Joseph, an incredibly unselfish player, would be able to work alongside Chance Sisco, the club’s top prospect who needs to improve his defense before getting the call to the majors. It certainly would help Sisco to have a guy like Joseph there for guidance. And, if something were to happen to Castillo or Wieters, then Joseph would be a tremendous insurance policy.
Plus, I sort of think the Wieters’ situation will evolve into Nick Markakis 2.0. Not many realized the kind of impact on and off the field that Markakis had until he left after 2014. The Orioles are still looking for a right fielder and someone to get on base at or toward the top of the order.
I think the same may end up being true about Wieters’ departure.
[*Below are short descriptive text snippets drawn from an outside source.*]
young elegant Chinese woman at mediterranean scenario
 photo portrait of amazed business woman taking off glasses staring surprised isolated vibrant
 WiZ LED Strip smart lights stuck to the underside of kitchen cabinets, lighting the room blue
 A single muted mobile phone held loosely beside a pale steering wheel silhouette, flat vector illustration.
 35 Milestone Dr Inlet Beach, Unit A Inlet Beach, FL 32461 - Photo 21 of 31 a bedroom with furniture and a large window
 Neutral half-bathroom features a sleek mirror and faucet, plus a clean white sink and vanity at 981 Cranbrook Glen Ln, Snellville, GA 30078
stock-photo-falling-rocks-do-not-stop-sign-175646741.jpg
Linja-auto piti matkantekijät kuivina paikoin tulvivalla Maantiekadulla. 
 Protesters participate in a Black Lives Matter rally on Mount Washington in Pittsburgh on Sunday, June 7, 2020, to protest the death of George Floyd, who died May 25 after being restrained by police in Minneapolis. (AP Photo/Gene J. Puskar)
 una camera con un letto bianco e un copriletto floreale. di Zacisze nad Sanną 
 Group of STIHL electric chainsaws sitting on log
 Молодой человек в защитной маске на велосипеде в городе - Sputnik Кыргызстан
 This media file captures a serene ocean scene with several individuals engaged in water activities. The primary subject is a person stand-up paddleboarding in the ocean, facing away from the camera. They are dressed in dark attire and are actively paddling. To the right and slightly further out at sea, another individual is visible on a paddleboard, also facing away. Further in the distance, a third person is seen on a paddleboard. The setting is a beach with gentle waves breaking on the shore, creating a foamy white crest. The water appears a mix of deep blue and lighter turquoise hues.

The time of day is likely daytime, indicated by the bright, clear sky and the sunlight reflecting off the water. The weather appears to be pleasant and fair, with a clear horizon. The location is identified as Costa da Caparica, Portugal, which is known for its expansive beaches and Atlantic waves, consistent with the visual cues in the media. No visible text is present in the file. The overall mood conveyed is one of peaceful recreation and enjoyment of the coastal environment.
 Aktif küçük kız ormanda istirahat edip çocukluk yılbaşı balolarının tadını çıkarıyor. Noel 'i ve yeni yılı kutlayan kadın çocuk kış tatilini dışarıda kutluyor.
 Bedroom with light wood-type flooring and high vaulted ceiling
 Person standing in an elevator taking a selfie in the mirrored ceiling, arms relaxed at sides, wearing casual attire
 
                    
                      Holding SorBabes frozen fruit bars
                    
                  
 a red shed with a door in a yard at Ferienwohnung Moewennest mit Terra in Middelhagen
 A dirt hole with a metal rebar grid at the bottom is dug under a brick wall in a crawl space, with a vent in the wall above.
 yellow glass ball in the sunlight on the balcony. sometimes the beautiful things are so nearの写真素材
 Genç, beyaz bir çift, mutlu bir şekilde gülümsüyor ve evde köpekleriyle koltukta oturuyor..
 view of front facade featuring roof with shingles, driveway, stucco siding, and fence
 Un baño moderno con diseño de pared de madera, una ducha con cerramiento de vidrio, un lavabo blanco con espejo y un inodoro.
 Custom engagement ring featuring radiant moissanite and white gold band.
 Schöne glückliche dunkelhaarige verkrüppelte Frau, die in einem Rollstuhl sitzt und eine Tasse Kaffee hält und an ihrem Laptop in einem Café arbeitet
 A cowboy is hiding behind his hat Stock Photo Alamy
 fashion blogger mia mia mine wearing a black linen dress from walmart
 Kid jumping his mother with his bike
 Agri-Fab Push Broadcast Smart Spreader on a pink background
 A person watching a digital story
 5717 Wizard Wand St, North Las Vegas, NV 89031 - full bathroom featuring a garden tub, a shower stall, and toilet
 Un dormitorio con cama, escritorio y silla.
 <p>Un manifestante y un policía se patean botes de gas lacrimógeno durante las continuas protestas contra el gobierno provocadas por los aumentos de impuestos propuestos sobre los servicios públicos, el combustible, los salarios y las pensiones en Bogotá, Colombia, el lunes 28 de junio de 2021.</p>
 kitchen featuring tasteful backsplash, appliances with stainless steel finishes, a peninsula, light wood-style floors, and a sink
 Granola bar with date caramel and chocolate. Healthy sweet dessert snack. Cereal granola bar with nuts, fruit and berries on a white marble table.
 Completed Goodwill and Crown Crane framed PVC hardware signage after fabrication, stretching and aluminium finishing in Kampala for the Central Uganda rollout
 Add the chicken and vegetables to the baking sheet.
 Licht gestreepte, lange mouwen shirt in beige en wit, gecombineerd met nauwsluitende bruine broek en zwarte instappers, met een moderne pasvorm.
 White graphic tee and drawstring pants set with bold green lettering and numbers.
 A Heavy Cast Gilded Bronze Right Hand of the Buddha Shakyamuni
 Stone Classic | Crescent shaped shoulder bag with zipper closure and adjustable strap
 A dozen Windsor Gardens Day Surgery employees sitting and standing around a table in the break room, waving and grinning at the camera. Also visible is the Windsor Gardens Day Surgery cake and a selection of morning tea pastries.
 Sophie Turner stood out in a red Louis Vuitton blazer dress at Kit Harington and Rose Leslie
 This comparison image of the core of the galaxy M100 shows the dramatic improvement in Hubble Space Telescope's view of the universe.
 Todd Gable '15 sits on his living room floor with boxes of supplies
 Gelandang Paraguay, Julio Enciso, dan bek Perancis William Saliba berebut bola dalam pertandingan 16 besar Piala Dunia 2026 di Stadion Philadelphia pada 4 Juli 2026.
Because of the lofty expectations placed on him when he first signed, he’s often viewed as a disappointment. And, yes, there are flaws in his game. But he’s exceptionally steady, is a good influence on the pitching staff and always seemed to deliver a big hit when needed.
Castillo reportedly has a great work ethic and is a good clubhouse presence as well. But how he meshes with the staff won’t be known until there is no going back. Therefore, adding the Baltimore-tested Wieters on a one-year deal seems like it would make the Orioles better in 2017 and wouldn’t block Sisco, which was one of the reasons Wieters was expendable initially.
The Wieters Dynamic seemingly has changed in the last few months. But reading into Duquette’s comments this week, his mindset hasn’t.
When Castillo was signed, Wieters was lost. Duquette says he’s still lost.
But, if the terms he is seeking have dipped, I say it’s time to find Wieters and bring him home again.